Choosing a solution for optimising your website for mobile is difficult. It’s even more difficult now that traffic is not only split between desktop and mobile, but many other devices and screen sizes. At Ireckon, we prefer responsive web design as the best way to provide an optimised website not only for mobile, but the whole spectrum of devices and screen sizes.
So why should you choose a responsive website over the other popular solution, a mobile only website? Here are some of the main factors we think you should take into account.
If you’re only thinking about optimizing your website for desktop and mobile, you’re already falling behind. There are already a lot of tablet devices on the market and the lines between a tablet and a mobile phone are being blurred. There are phones the size of a small tablet and small tablets the size of a phone.

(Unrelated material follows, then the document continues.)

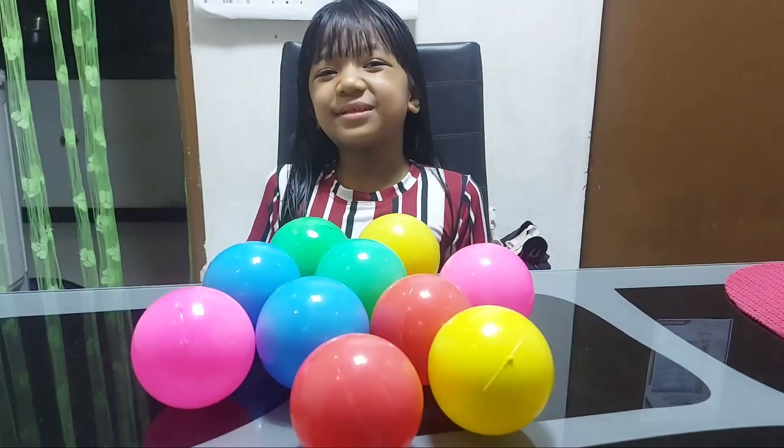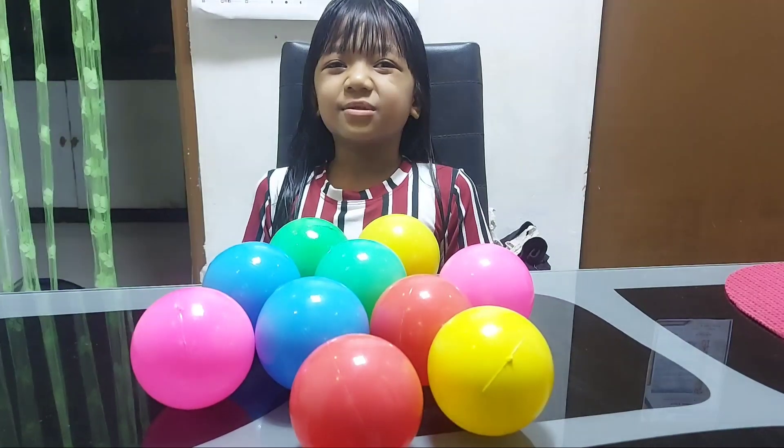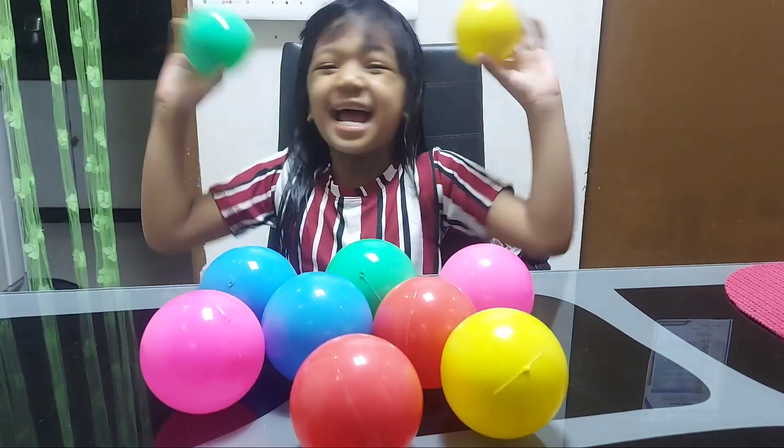Hi kids! Today I'm going to show you how to identify colors! Yay!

And that’s just the devices we have today. As users are visiting our sites with more and more varied screen sizes, having a website that works on all of them is more important.

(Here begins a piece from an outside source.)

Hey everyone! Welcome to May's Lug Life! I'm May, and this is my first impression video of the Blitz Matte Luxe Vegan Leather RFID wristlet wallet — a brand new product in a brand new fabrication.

If you choose to have a website optimized for desktop, and a separate website for mobile, what happens when your traffic demands another optimized experience? You could create another website for tablets, but then what happens if traffic from televisions grows? The more separate websites you have, the harder it becomes to adapt to change and not confuse your users. With a responsive website however, even if your website isn’t optimized for a new screen size, you can build on what you already have. By having one website and adapting the design as is needed, you are prepared for wherever your users go.
Users want the same functionality and content no matter what device they are using. They also start tasks on one device and finish them on another. If you cut down functionality or content for mobile users and they can’t find what they are looking for, they will probably leave. This doesn’t mean you can’t optimise the layout of the website for different devices. For example, having the most used navigation items on mobile at the top and in a different position on large screens is something you can do with a mobile only website or a responsive design website. However, having the same content and functionality on a separate desktop and mobile website is more difficult than on one website with a responsive design. This can also lead to problems with redirecting users who go to a URL on the desktop site using a mobile device to the same content on the mobile site. This particular problem can be difficult to solve and will frustrate your users if it isn’t perfect. The worst example of this is when mobile users are redirected to the homepage of the desktop website, or even a message that says that content is not available for mobile.

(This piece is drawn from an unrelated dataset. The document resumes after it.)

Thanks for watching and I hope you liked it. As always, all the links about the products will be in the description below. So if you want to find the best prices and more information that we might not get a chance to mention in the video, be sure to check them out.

A separate mobile website can be very attractive when it comes to cost. Because web developers are already good at building websites for one device, it’s usually cheaper to get a new, separate website for mobile up and running. But the cost of a website does not end there. You also have to take into account the cost of maintenance, adding new features, the time it takes to add content and any other website you might want to build for other devices later. If you want to redesign your websites in the future, you then have the cost of redesigning multiple websites.
With a responsive design the upfront cost might be higher because you will be redesigning for multiple devices, not just mobile, but you won’t have to worry about adding an optimized solution for tablet in the future either, because it can be taken into account at the same time. A responsive redesign can also be done in stages. You could target content or functionality on your website that gets the most mobile traffic and start there.
So if you need a mobile optimised solution for your website (and you do), make sure you take these factors into account.